Input for this task:
▬▬▬

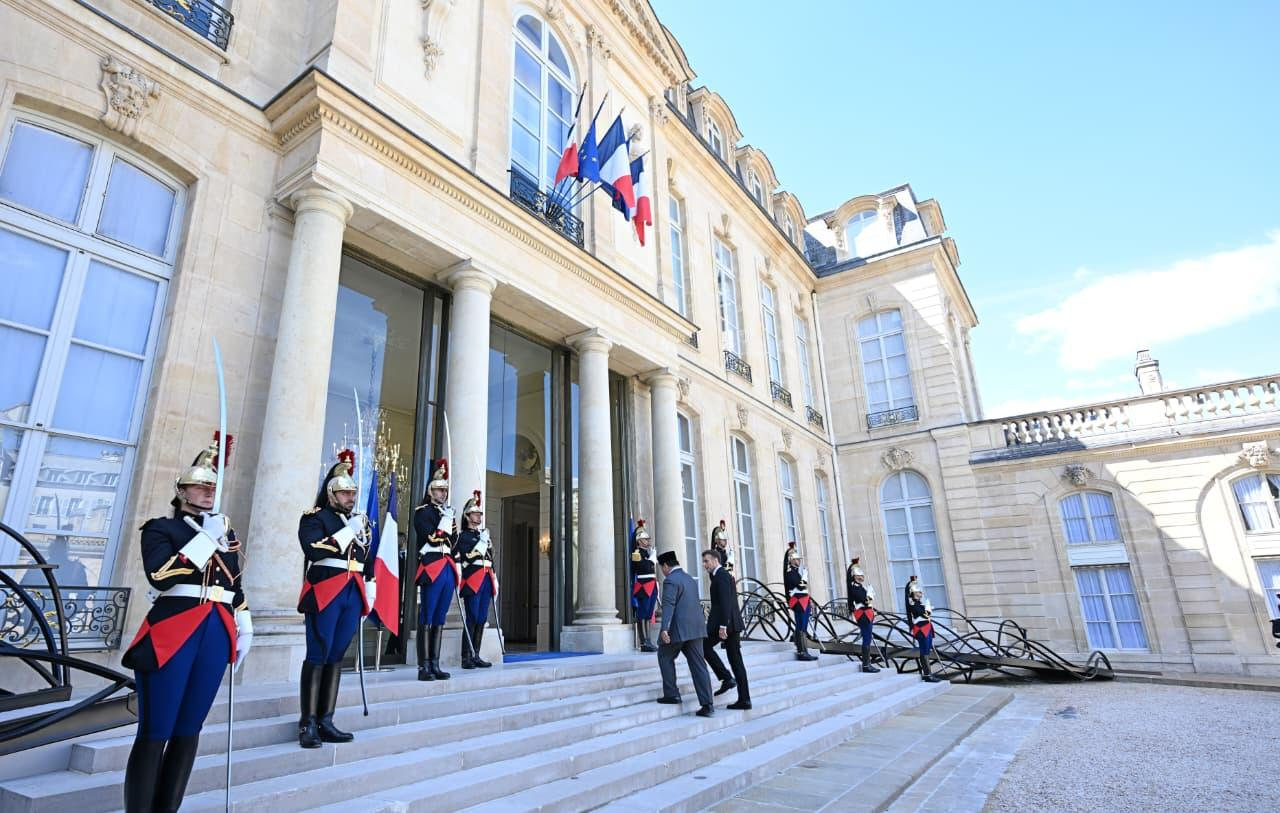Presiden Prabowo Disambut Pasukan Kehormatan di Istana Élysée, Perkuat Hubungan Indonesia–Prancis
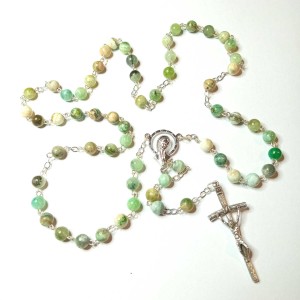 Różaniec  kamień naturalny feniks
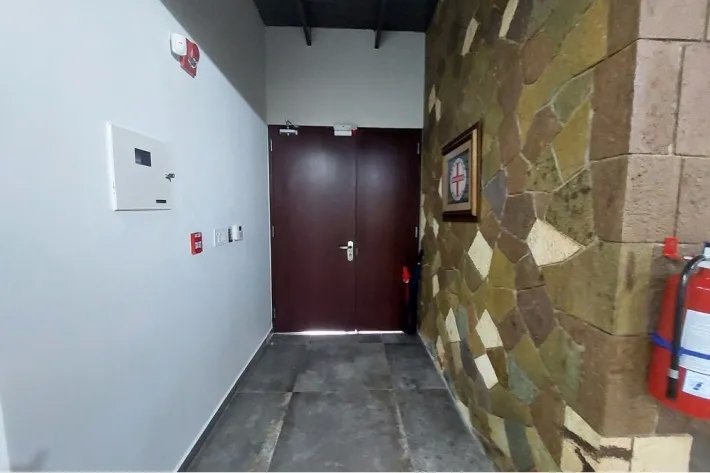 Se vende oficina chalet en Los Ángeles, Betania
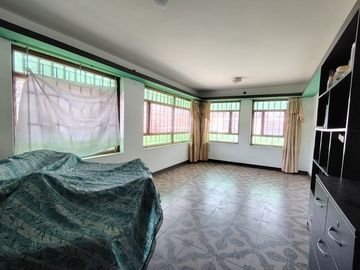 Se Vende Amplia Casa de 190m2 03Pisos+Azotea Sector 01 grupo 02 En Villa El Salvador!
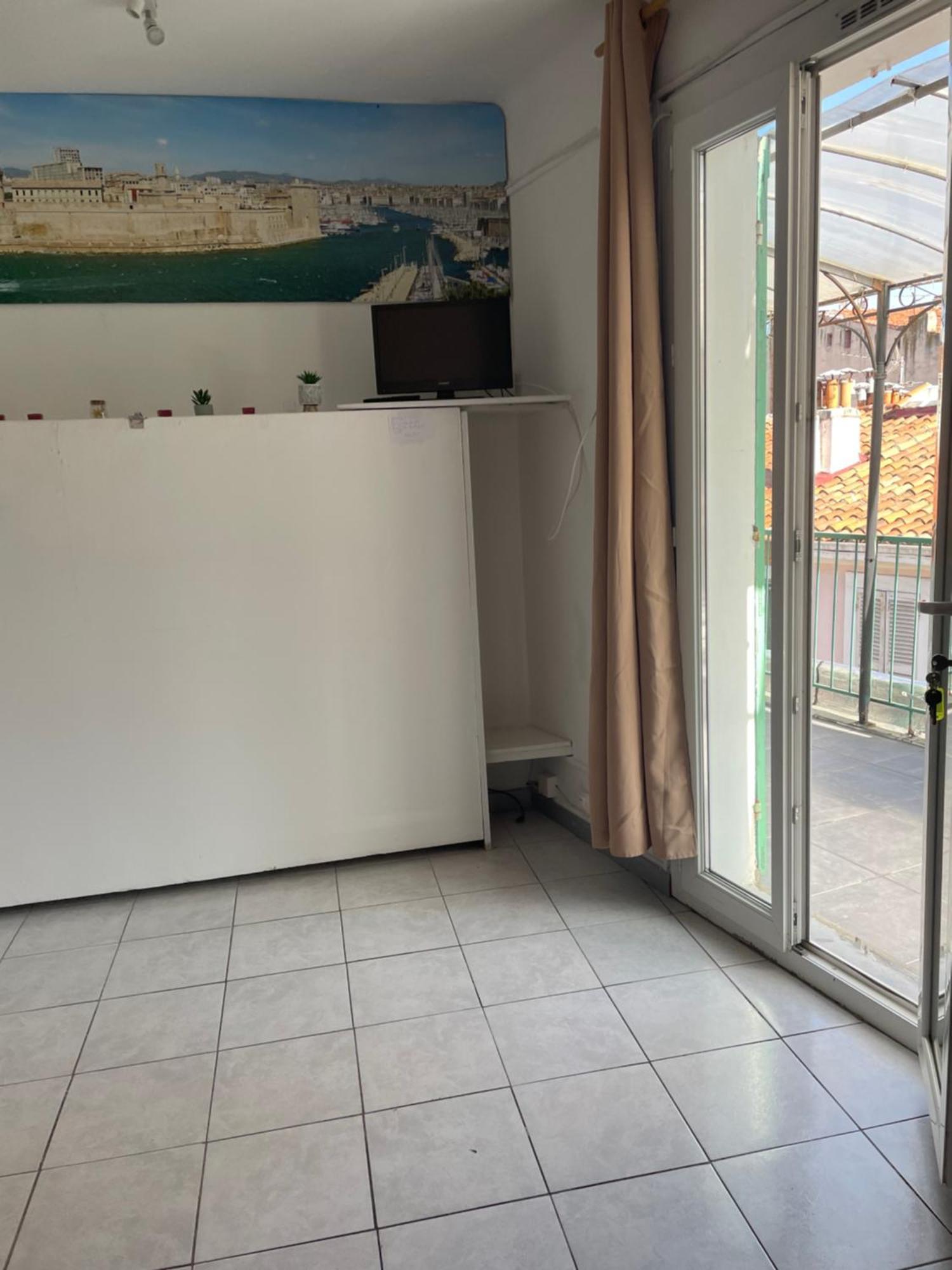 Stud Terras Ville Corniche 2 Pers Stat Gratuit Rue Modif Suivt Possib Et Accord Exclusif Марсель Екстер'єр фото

▬▬▬

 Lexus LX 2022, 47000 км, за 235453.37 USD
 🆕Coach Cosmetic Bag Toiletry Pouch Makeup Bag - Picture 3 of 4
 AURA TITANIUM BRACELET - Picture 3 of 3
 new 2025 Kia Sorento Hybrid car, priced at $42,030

▬▬▬

Task prompt:
Could you reproduce, exactly, every line above from the line with "Lexus LX 2022, 47000 км, за 235453.37 USD" to the line with "new 2025 Kia", and no other line? Both ends count.

Final answer:
 Lexus LX 2022, 47000 км, за 235453.37 USD
 🆕Coach Cosmetic Bag Toiletry Pouch Makeup Bag - Picture 3 of 4
 AURA TITANIUM BRACELET - Picture 3 of 3
 new 2025 Kia Sorento Hybrid car, priced at $42,030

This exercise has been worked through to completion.